Peliharan Sapi dan Bebek

Dari: Mikrajuddin

Saya sering nonton TV acara Si Bolang bersama anak-anak.
Saya ceritakan pada mereka, seperti itulah masa kanak-kanak bapaknya dulu.
"Nakal", tetapi "nakalnya" anak-anak. Nakal yang penuh keceriaan.
Buabaran sekolah kadang langsung cebur ke sungai bersama teman-teman, atau ke gunung cari buah-buahan.
Kadang menyusuri sungai-sungai yang masih jernih airnya untuk mancing mujair, udang, kepiting, dan ikan sungai lainnya (tidak tau bahasa Indonesianya. Kalau bahasa Bima namanya: karisa, kamboo, duna, kaiha, sanggilo, hehehe...).
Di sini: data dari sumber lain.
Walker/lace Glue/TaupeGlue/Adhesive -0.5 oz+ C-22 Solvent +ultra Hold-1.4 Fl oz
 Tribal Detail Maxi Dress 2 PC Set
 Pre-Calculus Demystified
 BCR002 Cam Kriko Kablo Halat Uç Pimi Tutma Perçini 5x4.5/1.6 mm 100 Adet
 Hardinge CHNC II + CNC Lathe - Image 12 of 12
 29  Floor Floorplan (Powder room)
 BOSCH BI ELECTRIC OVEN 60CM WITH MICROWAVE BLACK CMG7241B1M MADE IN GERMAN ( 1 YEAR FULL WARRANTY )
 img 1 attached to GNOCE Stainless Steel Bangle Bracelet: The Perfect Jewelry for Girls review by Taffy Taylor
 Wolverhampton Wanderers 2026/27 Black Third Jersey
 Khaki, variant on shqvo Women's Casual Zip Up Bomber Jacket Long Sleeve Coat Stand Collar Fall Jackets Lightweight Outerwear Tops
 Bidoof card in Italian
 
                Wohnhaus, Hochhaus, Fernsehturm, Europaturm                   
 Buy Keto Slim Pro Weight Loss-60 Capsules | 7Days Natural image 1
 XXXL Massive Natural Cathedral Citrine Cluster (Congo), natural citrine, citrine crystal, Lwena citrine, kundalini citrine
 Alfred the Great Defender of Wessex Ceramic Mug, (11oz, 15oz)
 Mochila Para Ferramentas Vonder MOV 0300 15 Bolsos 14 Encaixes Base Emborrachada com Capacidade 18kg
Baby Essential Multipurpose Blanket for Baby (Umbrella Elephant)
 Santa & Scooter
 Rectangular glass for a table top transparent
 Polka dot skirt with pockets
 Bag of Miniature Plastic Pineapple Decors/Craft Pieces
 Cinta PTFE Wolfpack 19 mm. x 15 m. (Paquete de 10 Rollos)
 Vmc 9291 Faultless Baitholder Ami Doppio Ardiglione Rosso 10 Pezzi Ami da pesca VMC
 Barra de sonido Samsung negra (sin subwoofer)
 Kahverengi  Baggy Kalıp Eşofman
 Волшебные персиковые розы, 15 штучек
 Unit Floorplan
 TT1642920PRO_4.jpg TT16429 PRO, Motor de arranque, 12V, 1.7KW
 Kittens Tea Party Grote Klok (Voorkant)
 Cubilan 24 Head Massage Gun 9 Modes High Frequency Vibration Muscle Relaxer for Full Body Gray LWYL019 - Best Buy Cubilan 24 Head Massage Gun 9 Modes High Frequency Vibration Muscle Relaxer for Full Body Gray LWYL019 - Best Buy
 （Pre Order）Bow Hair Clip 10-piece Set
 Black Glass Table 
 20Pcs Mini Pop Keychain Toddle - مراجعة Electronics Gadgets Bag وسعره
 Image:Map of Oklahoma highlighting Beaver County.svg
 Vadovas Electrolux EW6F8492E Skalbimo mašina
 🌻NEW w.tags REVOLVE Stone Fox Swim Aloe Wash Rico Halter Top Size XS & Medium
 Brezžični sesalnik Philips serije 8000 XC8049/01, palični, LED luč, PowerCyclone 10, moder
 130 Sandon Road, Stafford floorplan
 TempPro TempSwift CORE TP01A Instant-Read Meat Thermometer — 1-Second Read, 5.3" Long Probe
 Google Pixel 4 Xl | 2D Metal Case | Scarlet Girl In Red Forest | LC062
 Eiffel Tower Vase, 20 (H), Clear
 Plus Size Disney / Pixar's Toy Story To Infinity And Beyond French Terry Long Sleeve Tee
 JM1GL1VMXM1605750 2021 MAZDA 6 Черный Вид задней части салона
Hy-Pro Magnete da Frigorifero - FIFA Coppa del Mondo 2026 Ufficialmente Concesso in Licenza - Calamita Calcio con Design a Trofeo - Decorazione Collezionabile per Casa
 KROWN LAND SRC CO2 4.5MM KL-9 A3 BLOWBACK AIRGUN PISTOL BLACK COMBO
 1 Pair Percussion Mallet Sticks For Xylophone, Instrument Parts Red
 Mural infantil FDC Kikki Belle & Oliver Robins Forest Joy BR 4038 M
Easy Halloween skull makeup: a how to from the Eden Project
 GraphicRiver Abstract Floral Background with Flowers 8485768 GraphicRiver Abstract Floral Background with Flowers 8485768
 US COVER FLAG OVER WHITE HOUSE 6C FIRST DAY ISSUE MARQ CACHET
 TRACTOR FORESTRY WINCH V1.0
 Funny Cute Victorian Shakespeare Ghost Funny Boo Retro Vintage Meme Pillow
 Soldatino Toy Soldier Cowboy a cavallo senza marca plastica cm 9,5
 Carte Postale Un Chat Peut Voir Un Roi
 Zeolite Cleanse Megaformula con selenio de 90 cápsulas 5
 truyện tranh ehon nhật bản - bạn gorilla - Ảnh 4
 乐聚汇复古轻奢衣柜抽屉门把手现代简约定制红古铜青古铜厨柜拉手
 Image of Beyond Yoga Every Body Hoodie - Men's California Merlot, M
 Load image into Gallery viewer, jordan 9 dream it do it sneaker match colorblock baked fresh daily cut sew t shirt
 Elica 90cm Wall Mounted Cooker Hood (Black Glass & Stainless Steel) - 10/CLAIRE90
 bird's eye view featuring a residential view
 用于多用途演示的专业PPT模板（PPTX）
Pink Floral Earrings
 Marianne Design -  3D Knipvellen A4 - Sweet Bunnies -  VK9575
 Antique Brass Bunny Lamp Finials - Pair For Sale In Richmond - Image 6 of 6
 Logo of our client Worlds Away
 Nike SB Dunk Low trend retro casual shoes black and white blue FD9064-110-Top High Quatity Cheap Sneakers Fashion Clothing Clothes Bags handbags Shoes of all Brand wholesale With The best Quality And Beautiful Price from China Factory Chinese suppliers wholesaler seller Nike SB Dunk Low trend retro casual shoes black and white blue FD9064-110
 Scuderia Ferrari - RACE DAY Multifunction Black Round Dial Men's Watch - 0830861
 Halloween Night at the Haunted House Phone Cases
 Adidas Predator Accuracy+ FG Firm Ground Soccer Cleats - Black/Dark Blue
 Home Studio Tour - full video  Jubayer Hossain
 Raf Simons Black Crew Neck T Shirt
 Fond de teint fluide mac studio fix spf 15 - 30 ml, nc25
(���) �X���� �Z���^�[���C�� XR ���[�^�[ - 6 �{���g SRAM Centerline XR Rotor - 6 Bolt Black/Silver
Pulang sekolah juga cari rumput untuk makanan sapi. Dulu waktu SMP memelihara sapi hingga bisa untuk biaya haji orang tua.
Menjelang sore memberi makan bebek. Biasanya campuran daun talas dan dedak padi yang dimasak. Adalah puluhan bebek yang dipelihara di kandang. Tiap pagi tinggal ambil telurnya untuk makan pagi sekeluarga. Satu orang satu butir telur. Saat dulu, telur termasuk makan mewah.

Menjelang panen, tidur di saung di sawah untuk menjaga padi.
Anak-anak saya merasa aneh, kok bapak kaya gitu masa kecilnya. Saya katakan pada mereka, itu semua adalah pengalaman yang sangat indah.

Tidak ada yang namanya bimbel, les, game, dan segala macam lainnya. Kalau ingin mainan, dibuat sendiri. Sekolah begitu menyenangkan, tanpa beban. Dan kadang tidak terpikir setelah besar mau jadi apa. Belum tau apa yang dinamakan cita-cita. Yang dilakukan adalah: pagi ke sekolah, siang pulang, sore kerja mengurus makanan sapi, bebek, dan kadang ambil kayu bakar di gunung dekat rumah.

Dan Alhamdulillah, sekarang "bisa jadi orang" juga.

Dan untuk anak-anak sekarang yang sibuk dengan bimbel, kursus, komputer, simpoa, dan lain-lain, mungkin setelah besar "tidak menjadi orang" tetapi menjadi "super orang" atau "superman" kali ya.